The Club Glove lineup looks cool, and is loaded with features you will never use, like the ability to piggyback duffels and other cases on top of your golf bag to roll through the airport. The first issue with this is that the golf bag itself doesn’t roll very well, and this is compounded once you strap other bags to it. Besides you still have to take those bags off and check them or carry them on, so it is just as easy to roll another piece of luggage or have a carry-on over your shoulder. But as I mentioned the bag doesn’t roll very well and that is a huge problem with it. The wheels themselves are heavy duty and great, but the design is poorly balanced and if you do something like put your shoes in one outside pocket, and don’t perfectly counter balance this weight with a couple of dozen balls in the other pocket, the thing keeps flipping on its side while rolling through the airport, and believe me, this gets really old really fast. 

The other annoying thing about the Club Glove is how hard it is to get your clubs in and close. Basically, the zipper seems to stop just short of where it would be open enough to work, and it is pain in the ass to zip up and get the clubs in and out of. That is with normal clubs – forget about an extra long shaft or putter. Club Glove does offer the Last Bag in an XXL size which presumably would be easier to deal with in this regarded, but the regular size is already so heavy that with airlines cutting baggage weights I can’t imagine making the limits with a bigger version. As it is I have had to stop carrying some accessories with my clubs.
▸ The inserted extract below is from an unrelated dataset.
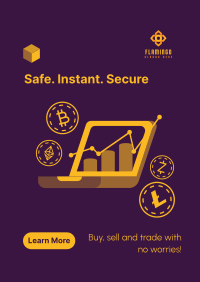 Secure Cryptocurrency Exchange Poster Image Preview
But none of this is what stopped me from using the bag, which I still have. And none of this is the reason why I will likely never use a Club Glove product again. That reason is the questionable durability and warranty and unquestionably bad customer service. After all, it costs almost three hundred bucks ($289), which ain’t chickenfeed, and Club Glove proudly calls it The Last Bag (as in the last you’ll ever need) and also describes it as burst proof, with a lifetime warranty. Well mine burst, and in a separate incident, the zipper broke. I called to return it and got a horrible runaround, with the customer service rep clearly trying to dissuade me. I finally got the authorization and packed it up (very hard to get that thing in a box) and shipped it for $30 or $40 bucks from UPS, and finally got it back with the hole fixed but not the zipper. I emailed and later wrote and mailed a letter to the company’s president, who I have met, and their pr person (not currently), who I had worked with, and got no responses to any of these. I believe you should get what you pay for, and Club Glove commands a price premium and in exchange supposedly backs its products, but that was not the case for me, so I dropped them. And if it is not the case for me, clearly identifying myself as a golf journalist, I find it hard to believe it will be the case for you.
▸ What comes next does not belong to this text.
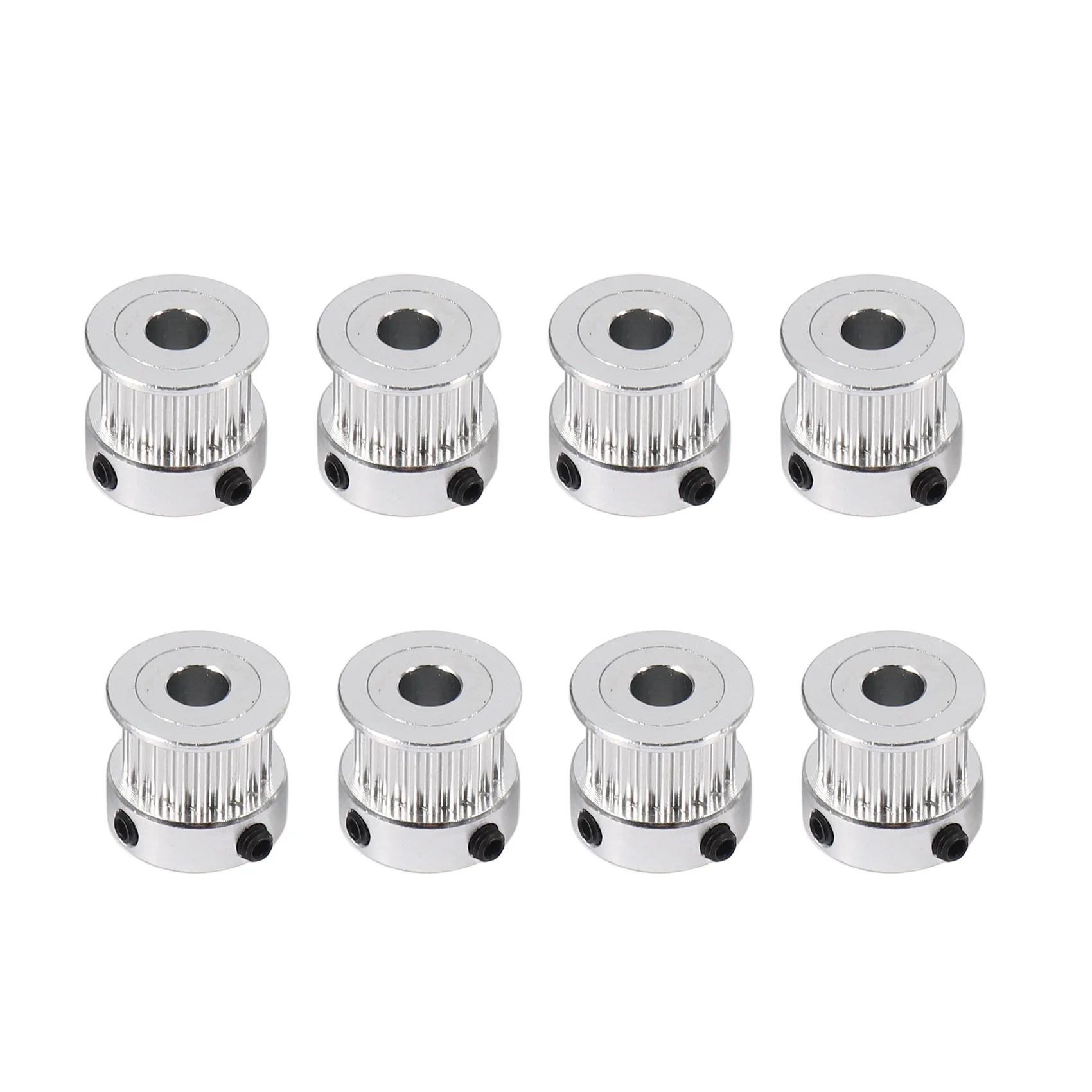 8 шт., 5 мм, 20 зубьев, алюминиевые зубчатые шкивы + 5 резиновых шкивов GT2 2 мм, Шаг 6 мм, широкий зубчатый ремень для 3D-принтера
I still don’t know if there is a perfect travel bag, but in the aftermath of my now-partially fixed Club Glove, I switched to Sun Mountain’s ClubGlider, mainly because I was have been so impressed with their regular carry bags. So far I am much happier This model does three things very well that address all my concerns: it stays balanced while rolling, it is much, much easier to load and unload thanks to a zipper that goes all the way around the head of the clubs so it opens more like a book, and it has an awesome set of retractable legs that make it into a four wheeler. These can be used if you ever have to go longer distances, like between terminals, but it also means that when you are in line at the airport, instead of either kicking your bag every time the line moves three feet, or bending down and pulling it, you simply push it along like a luggage cart. Believe me, people stare in jealousy when I do this. The downside is that the legs make it a bit heavier, and I still always worry about my weight limit. Also, while I haven’t had a problem in the past year I have been using it, the construction does feel a little less heavy duty than the Club Glove did. It also does not hold the clubs as snugly, which doesn’t feel as safe, but I make up for this by padding them with clothes. So far, the ClubGlider and I have been to Europe several times, Canada and Mexico, and all over the US , and I am very happy with it. It comes in three sizes from $230-$299.